A bot scanner is a JavaScript-based detection system that runs in visitors’ browsers. It analyzes browser characteristics and behavior to identify automated tools, headless browsers, and bots.

How Bot Scanners Work

Bot Scanner uses a two-phase approach to maximize detection:

Page Load (0ms)
    │
    ├── Phase 1: Immediate Detection
    │   ├── Basic bot signals (webdriver, headless)
    │   ├── CDP artifact detection
    │   ├── Canvas fingerprint hash
    │   ├── WebGL deep parameters
    │   ├── Audio context fingerprint
    │   └── Send detection if score > 20
    │
    ▼
User Interaction (5 seconds)
    │
    ├── Phase 2: Behavioral Analysis
    │   ├── Mouse movement patterns
    │   ├── Click timing analysis
    │   ├── Scroll velocity patterns
    │   ├── Keystroke dynamics
    │   └── Send behavioral update
    │
    ▼
Final Score Calculated

Why two phases?

Phase 1 catches bots that leave immediately
Phase 2 provides deep analysis for bots that stay
Combined data gives the most accurate detection

What Bot Scanners Detect

Detection Type	What It Catches
WebDriver	Selenium, Puppeteer, Playwright automation
Headless Browsers	Chrome Headless, PhantomJS, Firefox Headless
AI Crawlers	GPTBot, ClaudeBot, ChatGPT-User
Browser Anomalies	Inconsistent navigator properties
Behavioral Patterns	Non-human mouse movements, instant form fills
Fingerprint Mismatches	Canvas, WebGL, font rendering inconsistencies
CDP Artifacts	ChromeDriver, Selenium, Puppeteer markers
Environment Integrity	MessageChannel, API mocking detection

Bot Scanner vs.
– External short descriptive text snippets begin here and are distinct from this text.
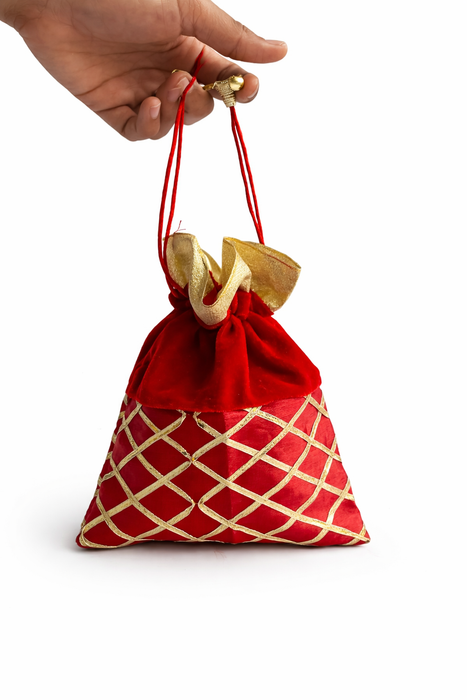 Checked Potli Bag – Wedding Favor Drawstring Pouch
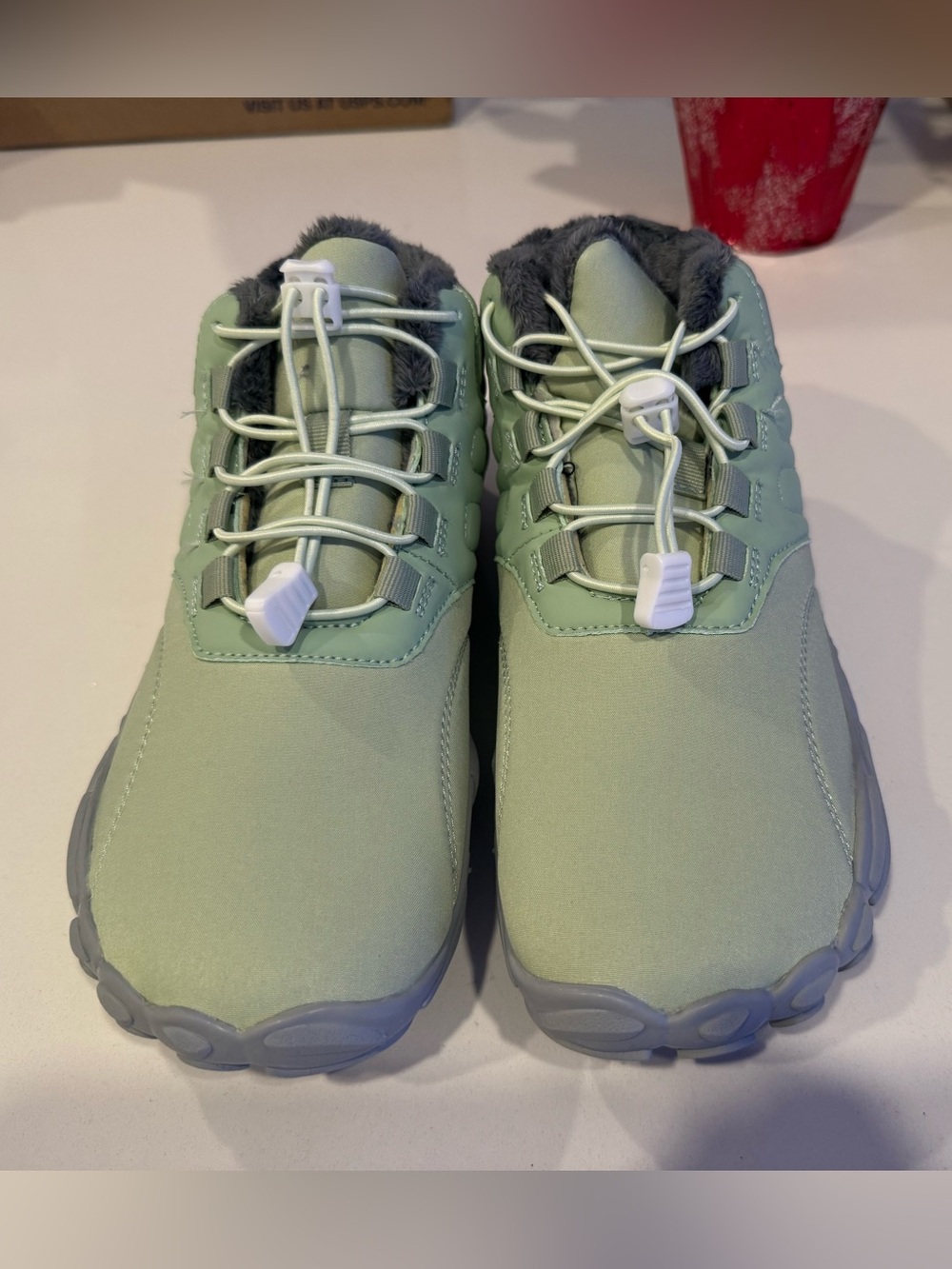 Mint Green Lace-Toggle Winter Sneakers with Faux Fur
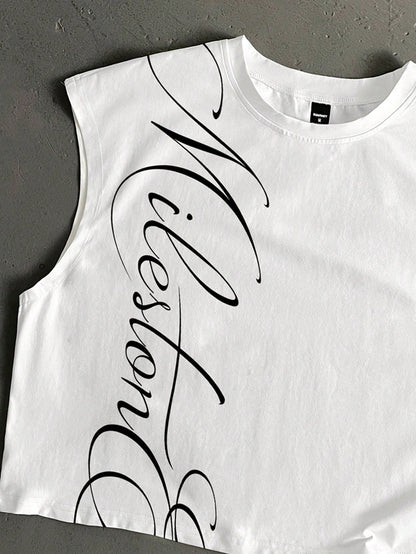 Manfinity Roughcode Men's Retro Crop Tank Top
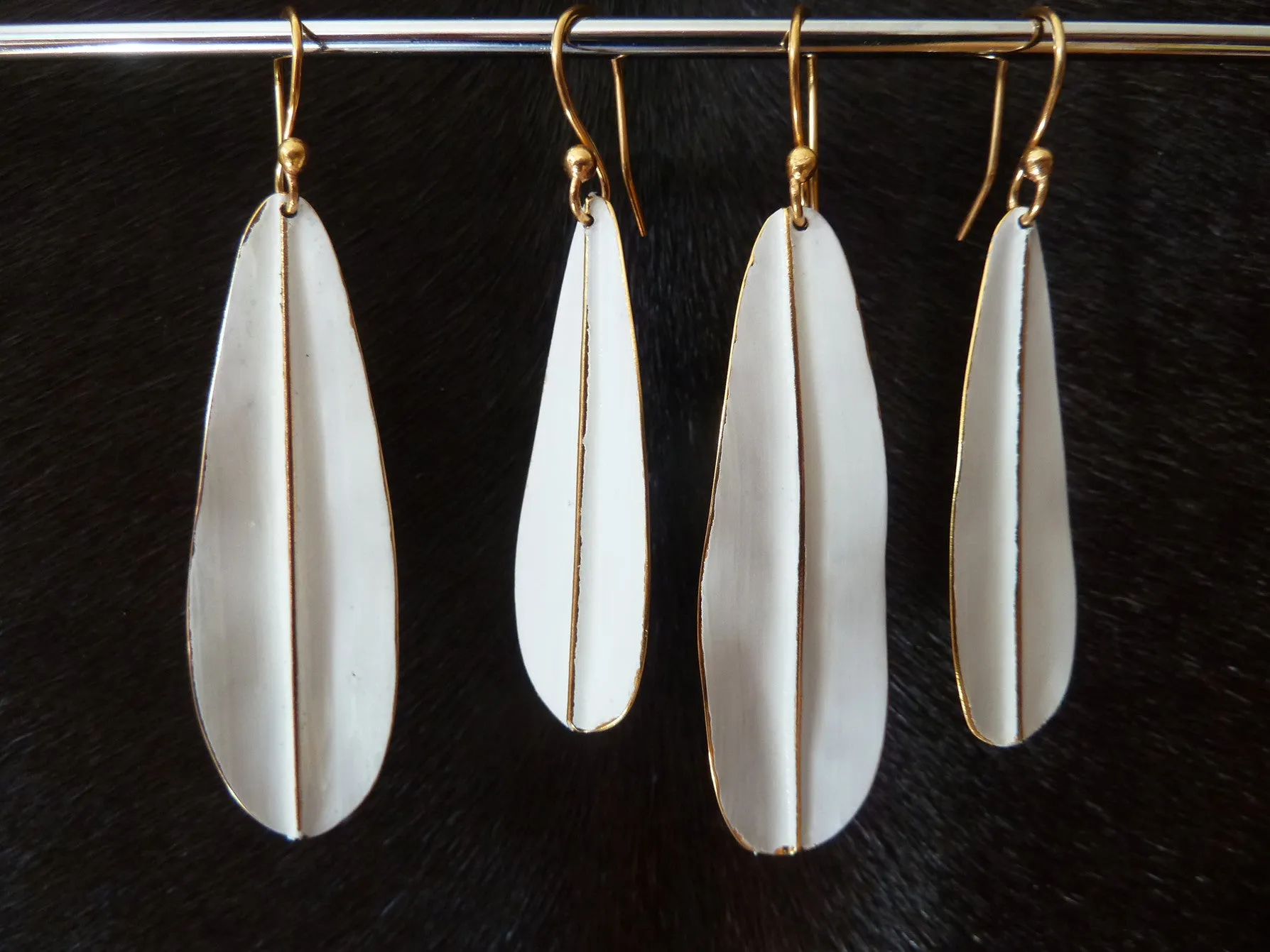 Earrings Leaf Design White On Vermeil Long Or Medium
Server-Side Detection

Aspect	Bot Scanner (Client)	Server-Side Detection
Where it runs	Visitor’s browser	Your server
What it sees	Browser internals	HTTP requests
Detection depth	Deep browser analysis	Headers, IP, patterns
Bypass difficulty	Harder to evade	Easier to spoof
Best for	Headless browsers, automation	Scanners, scrapers

Expected Detection Rates

AI Browser Type	Detection Rate
Stagehand + Browserbase	~60-70%
Playwright + Stealth	~75%
Basic Puppeteer	~90%
Commercial anti-detect	~40%

Creating a Bot Scanner

Step-by-Step Guide

Navigate to Bot Scanners
- Click Bot Scanners in the sidebar
Click “New Bot Scanner”
- The create scanner dialog opens
Configure the Scanner

Field Description Example
Name Internal identifier ”Main Website Scanner”
Property Associate with property ”Production Website”
Sensitivity Detection strictness Medium
Enabled Active/inactive Yes
Click “Create”
- Scanner is created with a unique ID
Install the Snippet
- Copy the provided JavaScript snippet
- Add it to your website (see Installing the Snippet)

Field	Description	Example
Name	Internal identifier	”Main Website Scanner”
Property	Associate with property	”Production Website”
Sensitivity	Detection strictness	Medium
Enabled	Active/inactive	Yes

Scanner Configuration Example

Name: Main Website Scanner
Property: Production Website
Sensitivity: Medium
Enabled: Yes

Detection Options:
✓ Detect automation
✓ Detect headless browsers
✓ Detect AI crawlers
✓ Detect behavioral anomalies
✓ Browser fingerprinting

Honeypot Options:
✓ Inject form honeypot
✓ Inject link honeypot

Detection Signals

Automation Detection

Detects browser automation frameworks:

Framework	Detection Method
Selenium WebDriver	`navigator.webdriver` property
Puppeteer	Chrome DevTools Protocol traces
Playwright	Browser-specific markers
Cypress	Test runner indicators

Enable when: You want to catch automated testing tools and bots.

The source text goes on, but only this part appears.